**WHAT THE TASK ASKS:**
Nothing but the lines from the one containing "1534 Larpenteur Avenue" through the end of the data below should appear in the answer, each exact and free of pictures.

**GIVEN INFORMATION:**
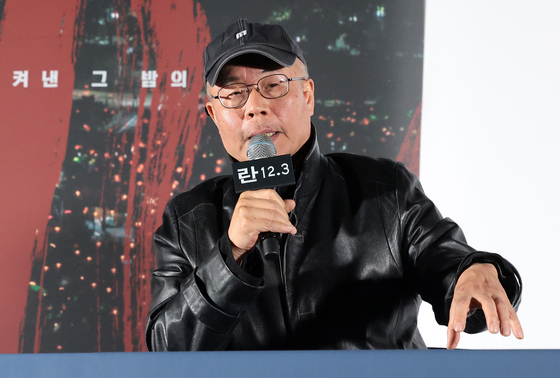 취재진 질문에 답하는 '란 12.3' 이명세 감독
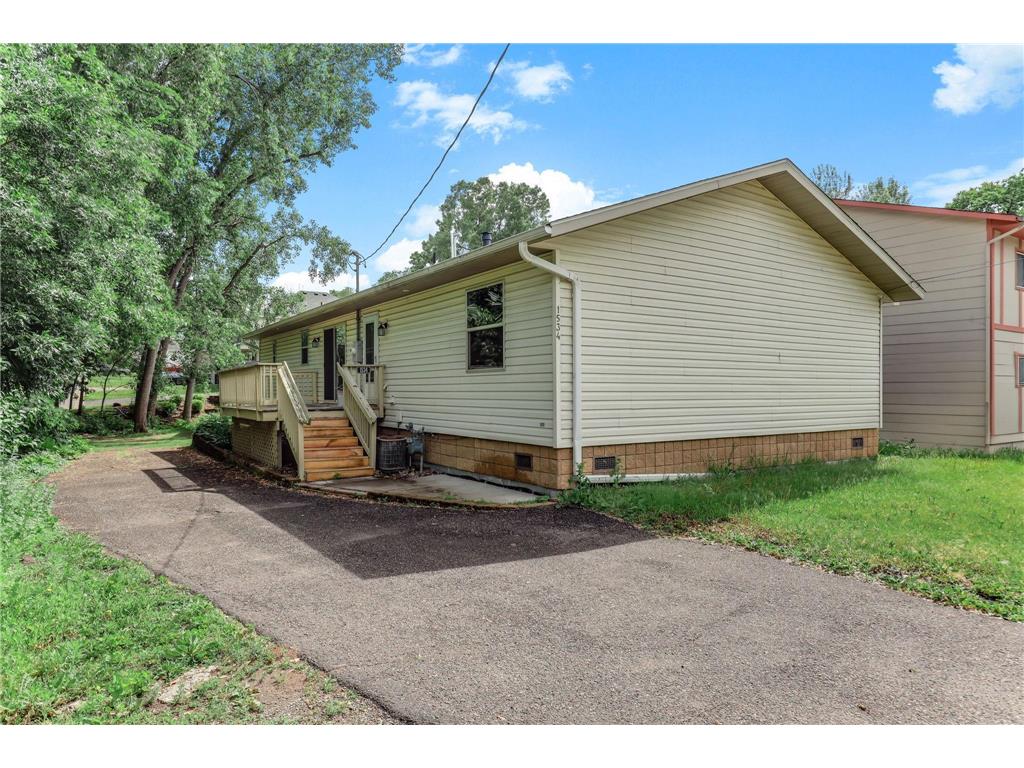 1534 Larpenteur Avenue E Saint Paul MN 55109 7091638 image1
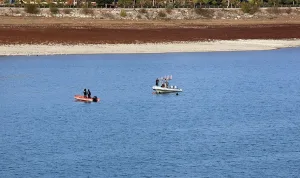 Adana'da deniz bisikletinden düşen Medine kayboldu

**ANSWER BOX:**
 1534 Larpenteur Avenue E Saint Paul MN 55109 7091638 image1
 Adana'da deniz bisikletinden düşen Medine kayboldu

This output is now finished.